Algorithm for function evaluation by pairs (C++, STL)
Asked Answered
A

4

6

I need to apply a custom func to an STL containers by pairs -> that is:

// if c => {a,b,c,d,e,f,g}; // a,b,c,.. are just aliases for some object
my_algorithm(c.begin(),c.end(),[](auto a, auto b){ a + b }); // c++14

should resolve into something like this:

temp1 = a + b;
temp2 = c + d;
temp3 = e + f;
temp4 = temp1 + temp2;
temp5 = temp3 + g;
result = temp4 + temp5;

(I am sure this kind of algorithm has a proper name but I have no idea what this may be)

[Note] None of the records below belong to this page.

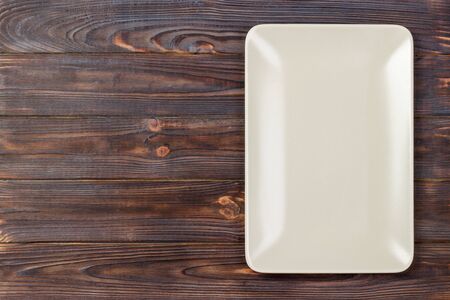 empty rectangular Plate on wooden table background.の写真素材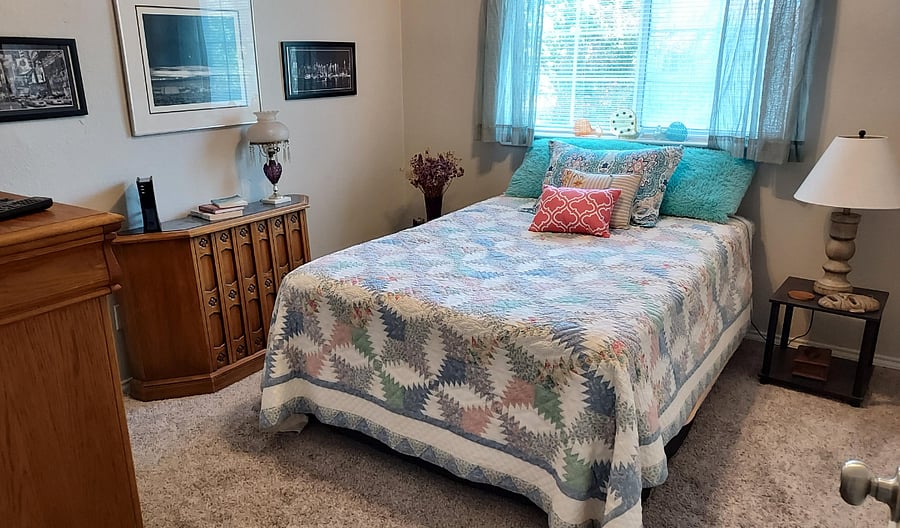 2nd bedroom with large dresser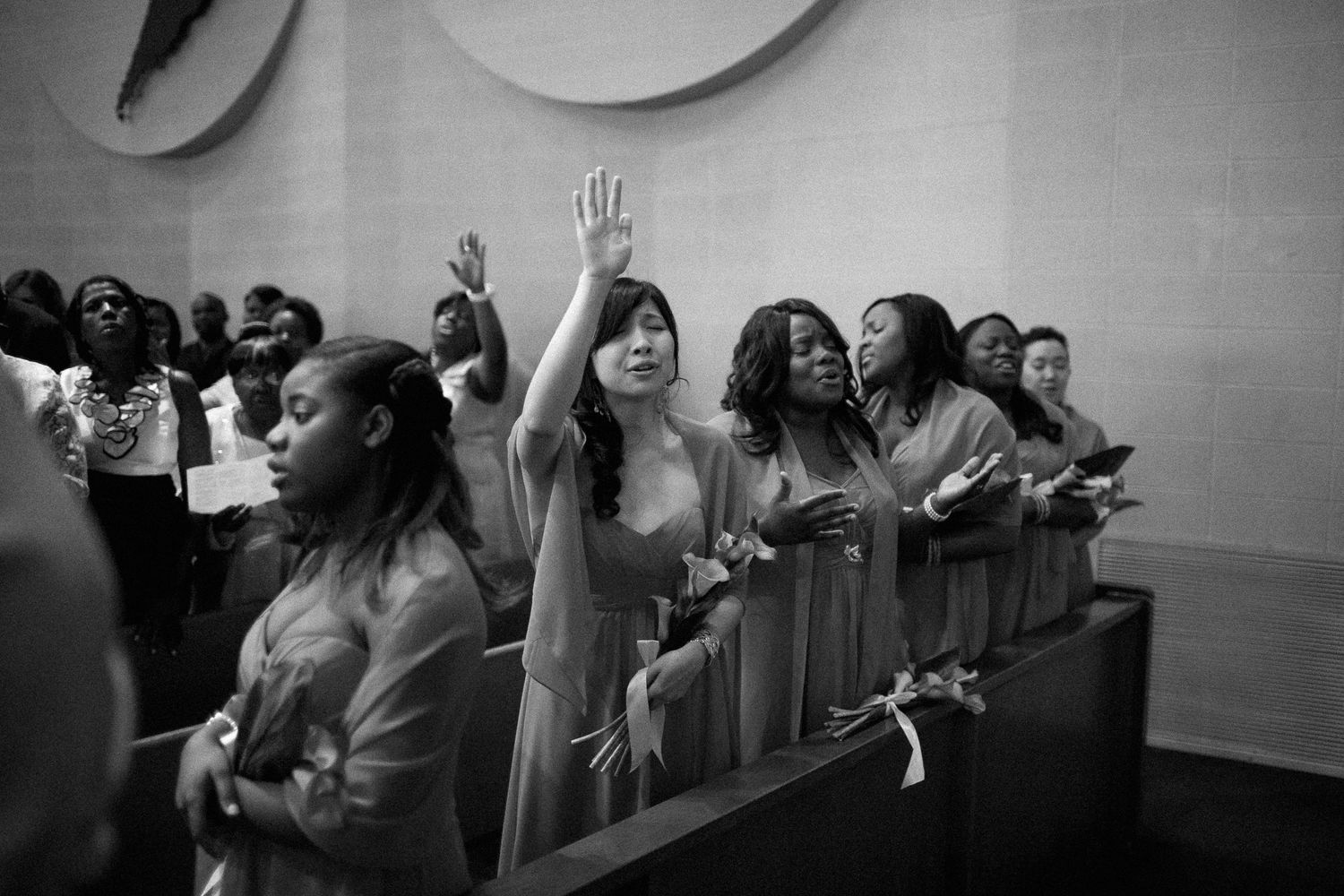 Black and white photo of diverse women worshipping in church pews, one raising her hand in praise.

I have tried with std::accumulate, I am not sure if its implementation is defined by the standard, but in my case and with my compiler it seems to resolve to this (I think this is called pairwise summation, right?) :

temp1 = a + b;
temp2 = temp1 + c;
temp3 = temp2 + d;
// etc

which is more less the same I can get with

auto temp = c[0];
std::for_each(c.begin()+1,c.end(),[&temp](auto a){temp + a); // c++14

I browsed STL and Boost, but did not manage to find something relevant. Is there any library that provides such an algorithm? If not, any ideas for a good STL compliant implementation?

EDIT Just to add that I'm not really interested in adding the elements in the traditional sense - in that case order does not really matter. My function will do a more complex, weighted, kind of summation and will give different results if carried out this way. My question is more generic nevertheless.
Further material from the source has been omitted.